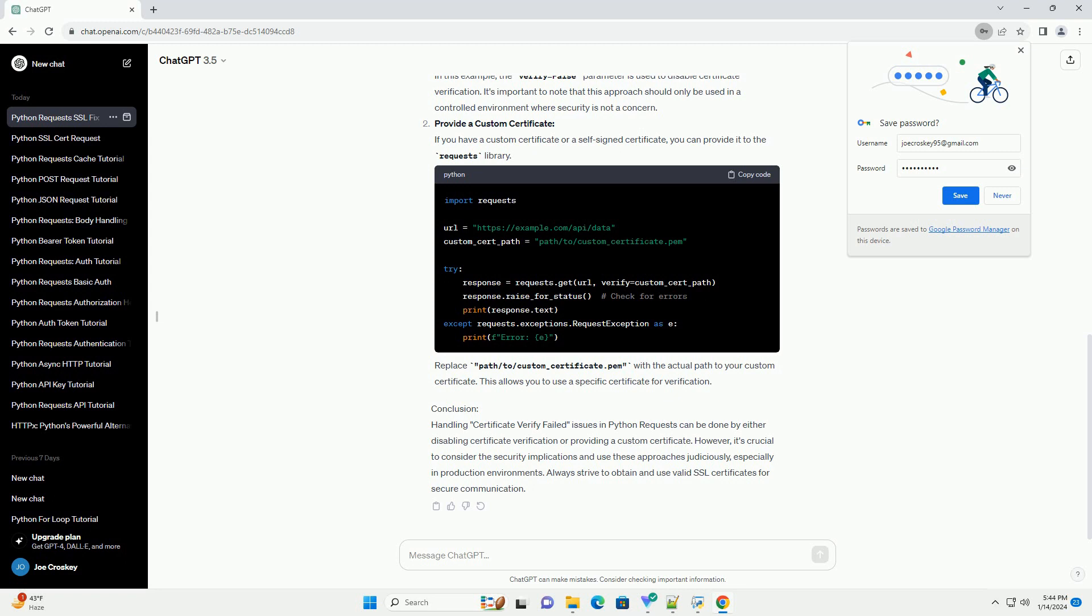Conclusion: Handling certificate verify failed issues in Python requests can be done by either disabling certificate verification or providing a custom certificate. However, it's crucial to consider the security implications and use these approaches judiciously, especially in production environments.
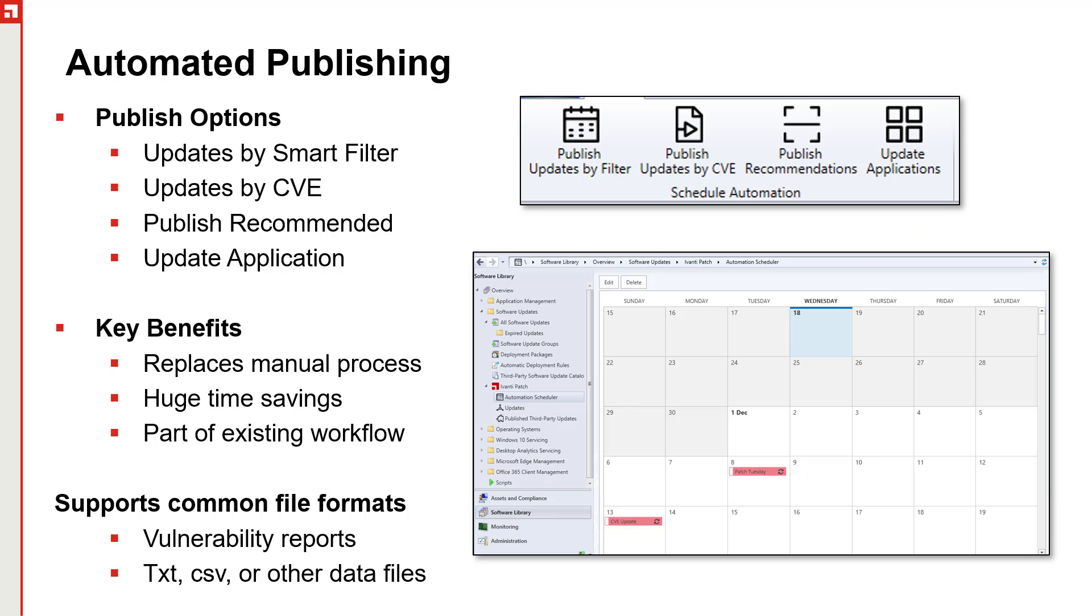With the latest version of our product, we have added automation to that capability, where we can now say, I would like to automatically, on a regular basis, publish updates based on a specific smart filter. We can also automatically push out updates or publish updates based on a CVE file that's stored in a directory. We also have the ability to help you publish recommended updates based on the applications that we have found installed in your system based on the MEMS software catalog. And then we also have the ability to do software distribution packages and the ability to update those packages as well automatically.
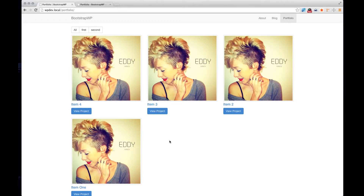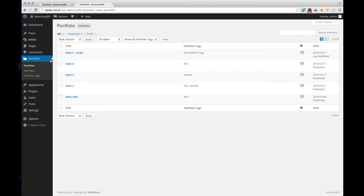This is a quick little video that goes over what to expect when going through the portfolio custom post type tutorial series. Once you begin the series, the first thing we're going to do is build a custom post type that includes this section in our WordPress dashboard. You'll see that it says portfolio, and within the portfolio custom post type you can add new portfolio items and also portfolio tags.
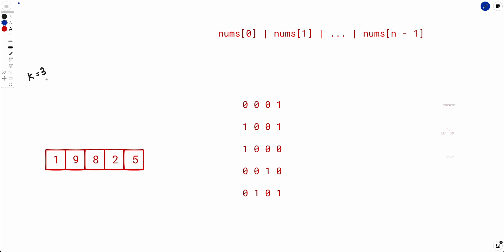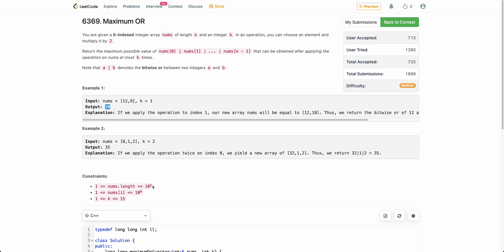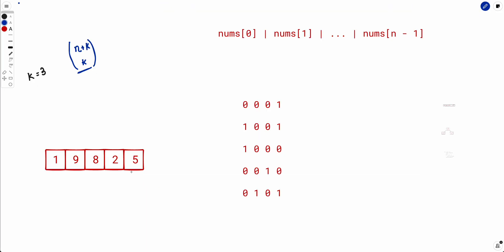We have to distribute k among n numbers — we need to decide which numbers to apply the operation on. If we try every possible combination, it would be somewhere around n+k choose k, which is roughly n factorial in terms of the number of ways to distribute k among n numbers. This means we cannot brute-force all combinations within the time limit, since n is up to 10^5. So we need to optimize this.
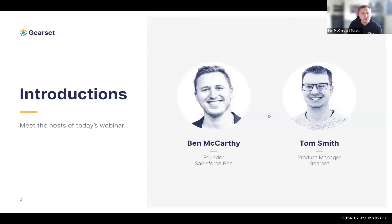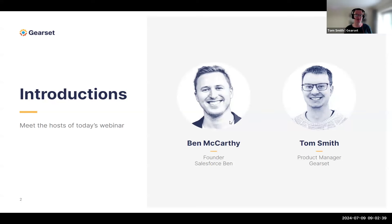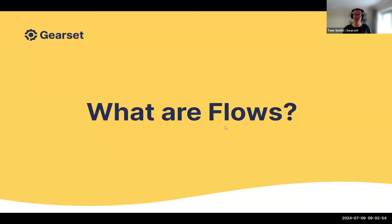My name is Ben McCarthy, founder of Salesforce Ben, and I'm going to be your host for today. We'll have a Q&A at the end of the session, so feel free to drop questions in the Q&A box or the chat. I'll hand over to Tom now. Hi everyone, my name's Tom. I'm a product manager at Gearset. I've been working in the Salesforce DevOps space for about six years, and in the wider DevOps space for about ten years. Today we're going to talk about flows and best practices for deploying them.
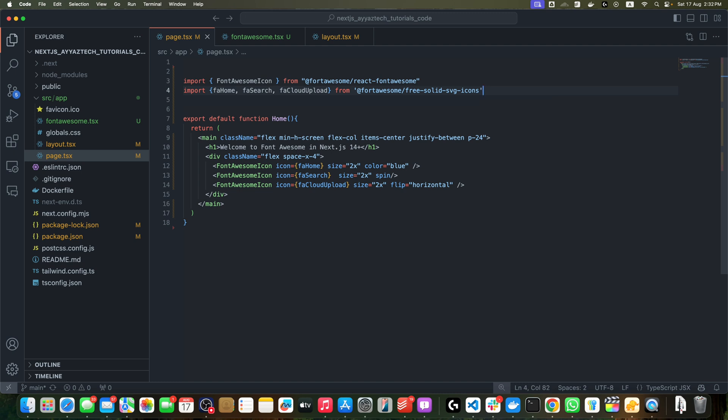We integrated Font Awesome into our app layout, used Font Awesome icons in a component, and explored some customization options. Now it's your turn to start incorporating these amazing icons in your own projects.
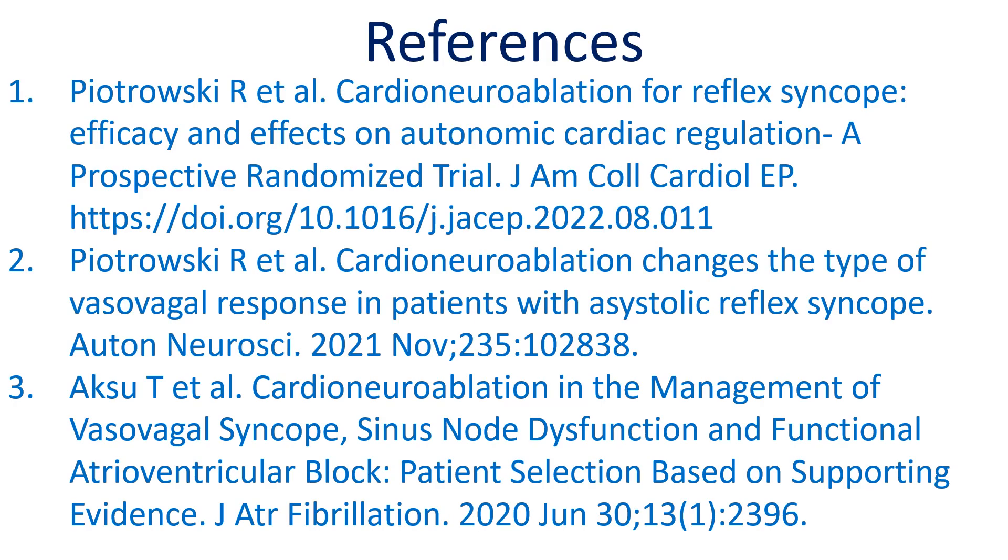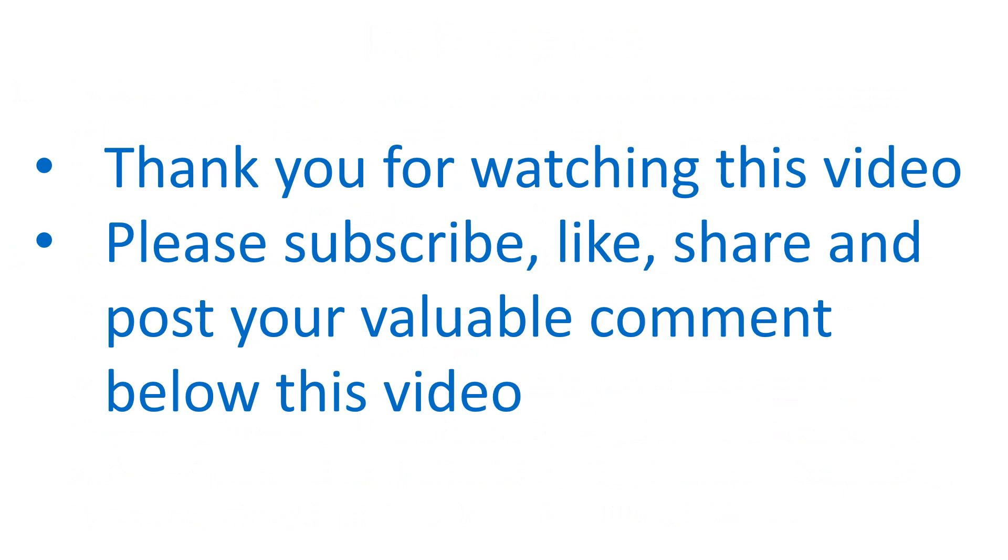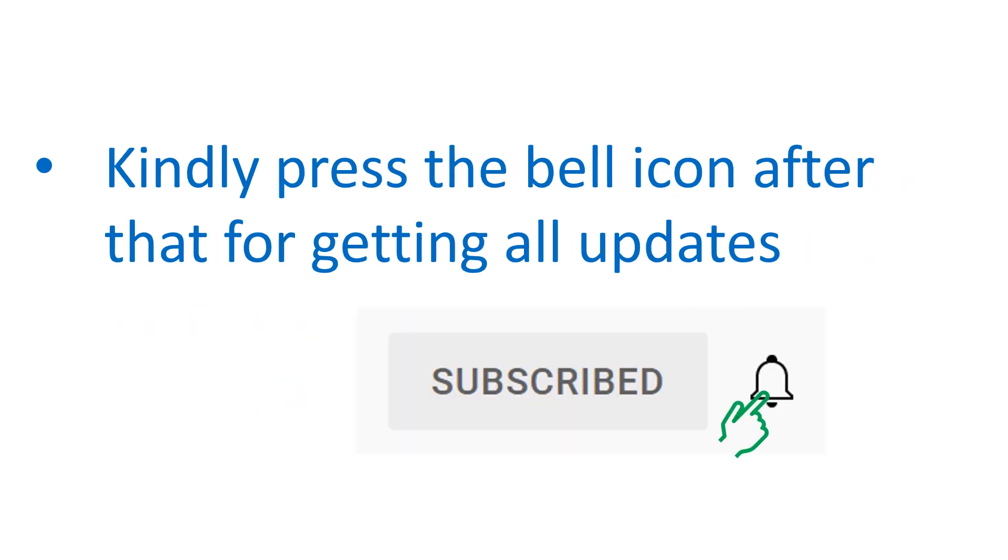Here are the relevant journal references. Kindly press the bell icon after that for getting all updates.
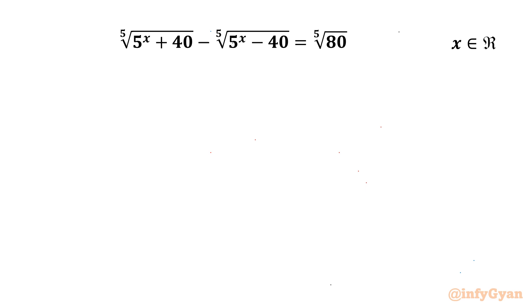Welcome back to Infigyan, my dear friends. In this very exciting and challenging video on radical equations, the given equation is: 5th root of (5^x + 40) minus 5th root of (5^x minus 40) equals 5th root of 80, and we are going to calculate real solutions only.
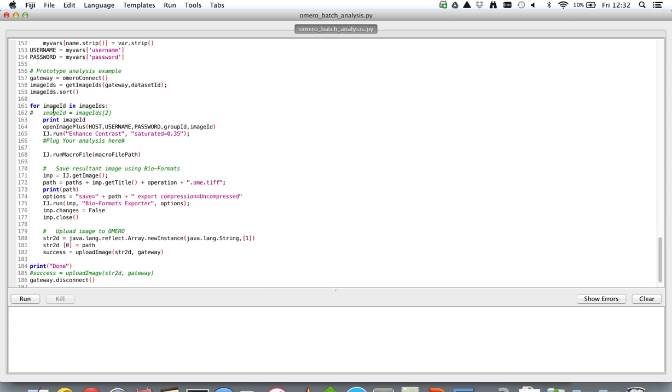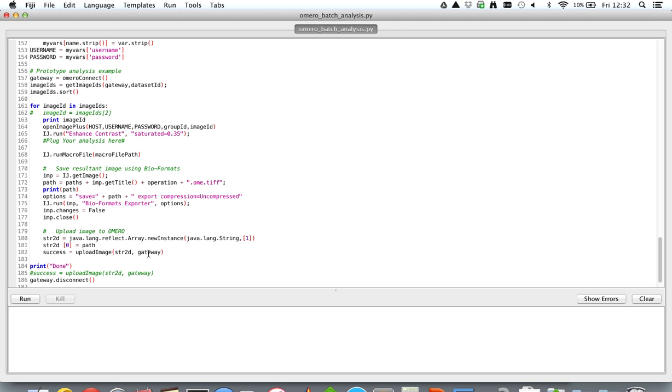Within the loop over here, images from an OMERO dataset are opened up iteratively one at a time, and then some kind of a macro which is a Fiji or an ImageJ macro is run on the image, and then the processed image is saved locally by Bio-Formats and then uploaded back into OMERO.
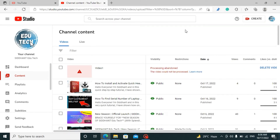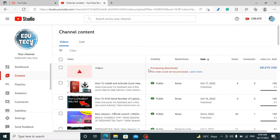In order to fix this problem that says 'processing abandoned' or the video could not be processed, we have to understand two things first. This problem might occur due to a slow internet connection, but there is a very low chance that it may take place due to an internet problem. I searched so much on the internet and on my PC for what could be the reason of this problem, and I came to the conclusion that you should not blame YouTube or the settings of it for the cause of it.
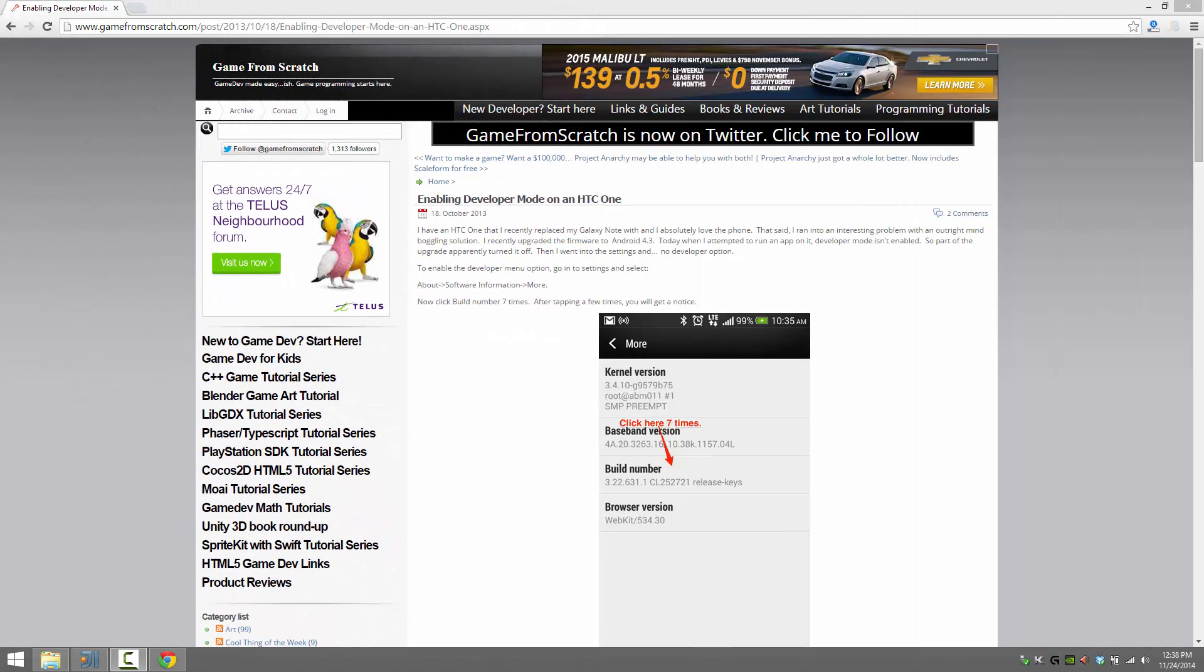Hello, this is Mike at Game From Scratch and today we're going to take a quick look at configuring your Android device for debugging. If you're running Mac or Linux, this advice doesn't apply. In theory, you should be able to just hook your device in and it'll work. On Windows, however, there are a few hoops you have to run through.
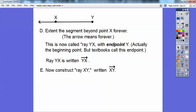Now let's construct ray XY, written as XY with a ray symbol. This means it starts at X and goes in the direction of Y, through Y, forever and ever. So I'm just going to extend it this way — there's ray XY. The starting point is X, which your book will call the end point, and it goes in the direction of Y through Y forever.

■ ■ ■ ■

● **TASK PROMPT**
Only the pictures may be dropped when you copy the data above; everything else stays exact.

● **REPLY TO THE EXERCISE**
Conclusion: Handling certificate verify failed issues in Python requests can be done by either disabling certificate verification or providing a custom certificate. However, it's crucial to consider the security implications and use these approaches judiciously, especially in production environments.
With the latest version of our product, we have added automation to that capability, where we can now say, I would like to automatically, on a regular basis, publish updates based on a specific smart filter. We can also automatically push out updates or publish updates based on a CVE file that's stored in a directory. We also have the ability to help you publish recommended updates based on the applications that we have found installed in your system based on the MEMS software catalog. And then we also have the ability to do software distribution packages and the ability to update those packages as well automatically.
This is a quick little video that goes over what to expect when going through the portfolio custom post type tutorial series. Once you begin the series, the first thing we're going to do is build a custom post type that includes this section in our WordPress dashboard. You'll see that it says portfolio, and within the portfolio custom post type you can add new portfolio items and also portfolio tags.
We have to distribute k among n numbers — we need to decide which numbers to apply the operation on. If we try every possible combination, it would be somewhere around n+k choose k, which is roughly n factorial in terms of the number of ways to distribute k among n numbers. This means we cannot brute-force all combinations within the time limit, since n is up to 10^5. So we need to optimize this.
My name is Ben McCarthy, founder of Salesforce Ben, and I'm going to be your host for today. We'll have a Q&A at the end of the session, so feel free to drop questions in the Q&A box or the chat. I'll hand over to Tom now. Hi everyone, my name's Tom. I'm a product manager at Gearset. I've been working in the Salesforce DevOps space for about six years, and in the wider DevOps space for about ten years. Today we're going to talk about flows and best practices for deploying them.
We integrated Font Awesome into our app layout, used Font Awesome icons in a component, and explored some customization options. Now it's your turn to start incorporating these amazing icons in your own projects.
Here are the relevant journal references. Kindly press the bell icon after that for getting all updates.
Welcome back to Infigyan, my dear friends. In this very exciting and challenging video on radical equations, the given equation is: 5th root of (5^x + 40) minus 5th root of (5^x minus 40) equals 5th root of 80, and we are going to calculate real solutions only.
Within the loop over here, images from an OMERO dataset are opened up iteratively one at a time, and then some kind of a macro which is a Fiji or an ImageJ macro is run on the image, and then the processed image is saved locally by Bio-Formats and then uploaded back into OMERO.
In order to fix this problem that says 'processing abandoned' or the video could not be processed, we have to understand two things first. This problem might occur due to a slow internet connection, but there is a very low chance that it may take place due to an internet problem. I searched so much on the internet and on my PC for what could be the reason of this problem, and I came to the conclusion that you should not blame YouTube or the settings of it for the cause of it.
Hello, this is Mike at Game From Scratch and today we're going to take a quick look at configuring your Android device for debugging. If you're running Mac or Linux, this advice doesn't apply. In theory, you should be able to just hook your device in and it'll work. On Windows, however, there are a few hoops you have to run through.
Now let's construct ray XY, written as XY with a ray symbol. This means it starts at X and goes in the direction of Y, through Y, forever and ever. So I'm just going to extend it this way — there's ray XY. The starting point is X, which your book will call the end point, and it goes in the direction of Y through Y forever.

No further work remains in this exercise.